To pattern these partitions, a photoresist layer is applied onto a partition layer and a layout of the partition is exposed and transcribed onto the photoresist layer. Thereafter, the exposed photoresist layer is developed to form a photoresist pattern. However, since the ArF light source used to the exposure has quite a short frequency, there is a limitation in a thickness of the photoresist layer capable that can realize the pattern from the result of accurate exposure and development. Since there is a limitation in the ability to increase the thickness of the photoresist pattern, there is also a limitation in a thickness of the partition layer patternable by a selective etch process using this photoresist pattern. Since there is a limitation in the ability to increase the thickness of the partition layer, it is also difficult to ensure that the partition patterned from this partition layer has a required, sufficiently high height.
The limitation to the height of the partition ultimately leads to a limitation to a height of the spacer, and the limitation to the height of the spacer result in a limitation to a thickness of a under layer to be patterned by a selective etch performed using the spacer as an etch mask. Since a height of a circuit pattern such as a gate required on a wafer may be hundreds to thousands angstroms, it is difficult to directly use the spacer having a low height, that can only be formed in a limited height, as an etch mask required to selectively etch a layer for the gate.
To overcome this difficulty, a hard mask capable of realizing a higher etch selectivity to a pattern target layer is introduced. Layers for the hard mask are introduced as a multilayer stack into a lower side of the spacer so that the hard mask can have a sufficient height and can be accurately transcribed with a shape of the pattern from the spacer having relatively low height. An upper layer introduced into relatively upper side of the multilayer stack acts as a sub mask for etching the lower layer, thereby more accurately transcribing the shape of the spacer onto the lower-most layer. In the case of introducing the hard mask of the multilayer stack as described above, thicknesses and stacking order of the layers constituting the stack are determined in consideration of extents of realization of the etch selectivities among the layers.
As described above, the layer for the hard mask is introduced as a stack structure having a large number of layers and a partition layer for attaching the spacer is further stacked on the hard mask stack. Therefore, the entire stack for the spacer patterning has a relatively large number of stacked layers. Accordingly, an excessive thermal stress is caused in the lower layer due to high thermal requirements in a process of depositing the upper layer, and this may result in a lifting phenomenon in the lower layer.
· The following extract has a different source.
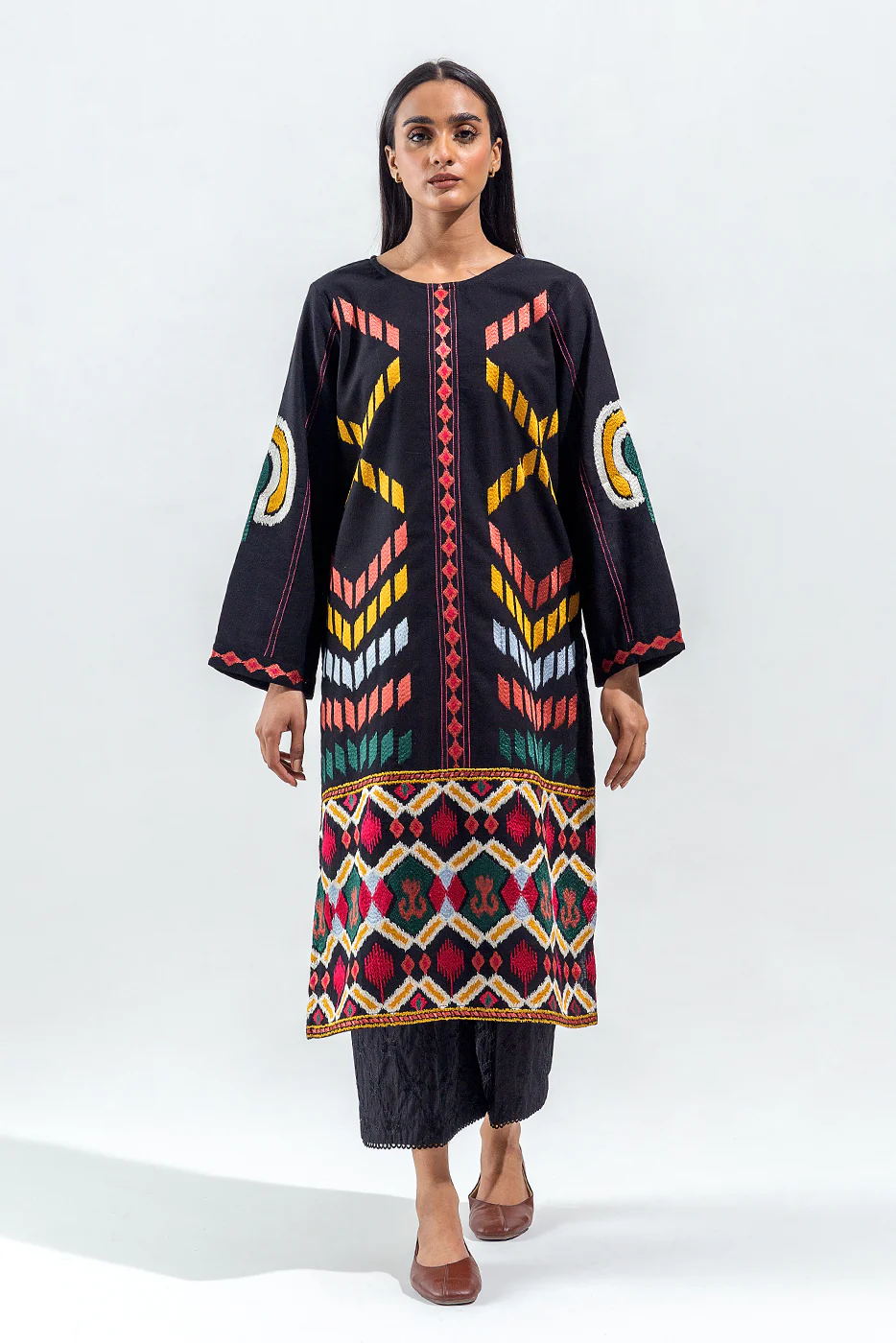 EMBROIDERED SLUB KHADDAR SHIRT (PRET) - Image 2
This lifting phenomenon due to the thermal stress may be resulted from that layers having different materials are stacked with interfaces therebetween for realizing significant etch selectivities between the layers and thus an interface properties or an adhesive properties becomes weak.
Therefore, it is necessary to exclude the layer having relatively high thermal requirements when depositing the upper layer of the stack. Also, as it is necessary to stack and selectively etch a plurality of layers, an entire process of the SPT becomes very complicated and a process cost is increased. Accordingly, it is necessary to develop a method capable of realizing stacking of layers for the hard mask and the partition through a combination of fewer layers and realizing a stack structure that is relatively stable to the thermal stress.